1.市町村合併におけるメリットについて。

 市が作成した「市町村合併」の冊子に「市町村合併におけるメリット」として、@日常生活圏の拡大に対応したまちづくりを計画的進めることが出来るとあるが、須高の人々の大方は合併しても勤め先も変わらないだろうし、生活水準が飛躍的にグレードアップするわけではない。A行政サービス水準も維持・向上され、B行財政運営の効率化が図れるとあるが、専門職員の充実と謳うが、職員が合併の法的作用によって相乗して一晩で専門家となれるとは思えない。また「従来配置が困難または不十分であった分野に専任の職員を配する」とあるが、合併して職員が余剰になることを恐れて、予防的に職員の身分の確保でしかない。合併のメリットは、無駄な部分を斬るところにある。首長・三役、議員、そして職員に至るまで、合併によって重畳する部分のリストラは当然なされるべきである。私は合併することが全てデメリットに陥るとは思わない。しかし、職員の丸抱え保障は合併のもたらすデメリットである。市職員を生涯雇用するための手立てとして、自治体組織があるのではない。主役である市民の生活の安寧と市民の利便のためにある市組織であること、職員は総有的に市民との雇用関係であって、絶対的に生涯を保障されるものではないことを、法によって明確にせねばならないと感じます。
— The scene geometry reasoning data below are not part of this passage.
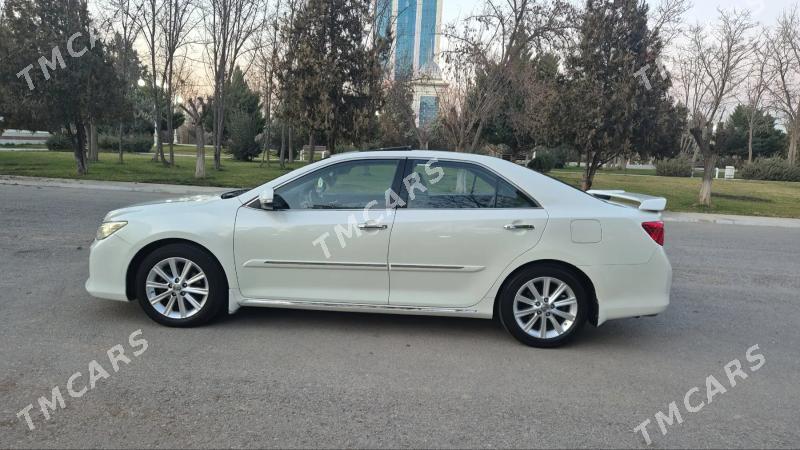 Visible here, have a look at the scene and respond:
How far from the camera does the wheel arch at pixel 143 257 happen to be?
185 inches

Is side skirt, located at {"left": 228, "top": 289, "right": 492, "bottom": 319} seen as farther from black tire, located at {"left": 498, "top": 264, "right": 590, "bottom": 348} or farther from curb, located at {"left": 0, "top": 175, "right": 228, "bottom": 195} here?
curb, located at {"left": 0, "top": 175, "right": 228, "bottom": 195}

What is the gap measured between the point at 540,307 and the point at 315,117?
16.2 metres

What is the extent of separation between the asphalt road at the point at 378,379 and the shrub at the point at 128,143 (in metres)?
42.6

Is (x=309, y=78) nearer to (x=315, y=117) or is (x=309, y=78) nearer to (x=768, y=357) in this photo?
(x=315, y=117)

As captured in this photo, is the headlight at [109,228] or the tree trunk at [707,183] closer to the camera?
the headlight at [109,228]

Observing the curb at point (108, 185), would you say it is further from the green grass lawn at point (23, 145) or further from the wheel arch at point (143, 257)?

2.須坂市は合併によって何を叶えようとしているのかが見えない。

 前述した合併におけるメリットは、実は総務省や県が作成した冊子に掲げられているものであります。須坂市の未来を語ることが必要であるのに、須坂市が勘考した節はどこにも伺えません。単に自治体の機能や効率性を高めるためとの説明にほかならない。具体的に合併することにより、須坂の町がどのように変わり、市民の皆様方の暮らし向きは、しかじかこのように変わります等の説明がないのであります。

 市民も市民で、合併によって何が良くなって、何が課題なのかを積極的に知ろうとしない。情報が示されなかったから等の弁明は通用しない時代である。市民が情報を咀嚼するや否やの問題ではなく、須坂市が合併問題において持ちうる情報を市民に開示する手立てと、説明を十分に図られることを要望します。

 私はご承知のとおり「小さな自治体」を標榜しています。もはや須坂市は、経済の高度成長期のような「何でも市民の要求を聞き入れる」時代ではありません。税収が大きく落ち込んだ現状ではなおさらであります。仮に須坂市が合併を拒否し、国より地方交付税が今より3割方少なくさせられたら、自立の道を選んだ以上、その分須坂市の歳出や規模を3割押さえれば済む話ではありませんか。国家は国会や内閣でなく官僚が支配し、同様に須坂市は市職員が支配する将に官僚主義とも社会主義とも思える統治体制は排除されなければなりません。主権者たる市民の等閑のこころが、合併の本質を歪め、国家の基本的骨組みである国民主権主義体制の形骸化を助長するのです。市民は民主主義と恒久平和主義を守るためにも、合併に対するあらゆる角度からの行政府に対する、或いは市政に対する猜疑心は常に必要であると感じます。 

 合併の正体が見えない理由は、県も須坂市も政府から威圧的に下命されて合併を推進している話だから、自ら前向きに須坂活性化のビジョンから生まれる道理はないのです。市職員も常に5万4千市民と共にあることを、パブリックサーバントとしての使命を果すならば、須坂市の合併の是非を今このときこそ示すべきでないかと思います。




第3 為政者の心得とは、身命を賭して政を行ない、
    後世に悔いを残さないこと。



 思うに、須坂市は、どこの町と合併しても飛躍的に活性化するものでもなく、合併の経済効果に期待してはいけないと思います。何故ならば、合併しても須高の人口は一人足りとも増えない事実であります。合併しても人々の暮らし向きに何らの変化はあり得ないことです。この点を理解しないで、須坂市が政府命令の須高の市町村合併を図り、仮に新生須坂市を誕生させても、新生須坂市は大きな負荷を負うこととなるは必定です。寧ろ小回りの効く、市民の意志が行政に映し出すことのできる自立の道を選択すべきではないでしょうか。明治維新の折、須坂藩は幕府の外様である柵ゆえに何も出来ませんでした。当時幕府の外国奉行であった須坂第13代藩主直虎公の時代を見据えた言動も、あたら命を絶たせてしまったではありませんか。

 今須坂市は国家に対して自由にものが言えるまちであります。私は、小布施町や高山村を黙殺しろという論理では決してありません。彼らとの共生の手立ては外にあると確信いたしております。

 しかし、合併によって国からアメを与えられる期間は、たったの15年間でしかありません。人の15年はとても長いが、須坂市にとっての15年間は歴史の中では瞬(まばた)きに等しいのです。悠久の時の流れを見据えて合併を論ぜねば、須坂市は後で必ず後悔をすることとなる。これは小布施町然り、高山村亦然りと心得えます。

 而して、須坂市は市町村合併を敢えて15年間据え置いて、その後に政府の出方をみて判断すべきであると、市長に進言申し上げます。